Saved data entries —
------------------------------------------------------------

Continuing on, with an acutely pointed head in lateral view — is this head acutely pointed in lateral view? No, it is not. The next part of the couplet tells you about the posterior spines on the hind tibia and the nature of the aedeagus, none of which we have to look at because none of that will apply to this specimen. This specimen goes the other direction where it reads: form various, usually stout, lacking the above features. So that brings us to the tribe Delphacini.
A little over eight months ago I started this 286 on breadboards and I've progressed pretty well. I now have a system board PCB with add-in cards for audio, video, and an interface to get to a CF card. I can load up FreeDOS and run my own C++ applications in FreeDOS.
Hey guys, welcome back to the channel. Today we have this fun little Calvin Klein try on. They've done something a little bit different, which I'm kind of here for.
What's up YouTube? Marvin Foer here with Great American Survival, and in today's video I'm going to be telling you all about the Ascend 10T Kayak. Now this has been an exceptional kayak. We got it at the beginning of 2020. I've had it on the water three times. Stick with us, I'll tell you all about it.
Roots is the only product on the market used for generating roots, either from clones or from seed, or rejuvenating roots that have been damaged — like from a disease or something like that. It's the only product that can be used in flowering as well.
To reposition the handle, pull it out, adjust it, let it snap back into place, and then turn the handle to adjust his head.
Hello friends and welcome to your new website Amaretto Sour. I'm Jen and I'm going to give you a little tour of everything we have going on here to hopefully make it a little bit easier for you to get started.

------------------------------------------------------------

What to do —
Find each line of the data above that holds the word "back", then copy it.

Exercise output —
Hey guys, welcome back to the channel. Today we have this fun little Calvin Klein try on. They've done something a little bit different, which I'm kind of here for.
To reposition the handle, pull it out, adjust it, let it snap back into place, and then turn the handle to adjust his head.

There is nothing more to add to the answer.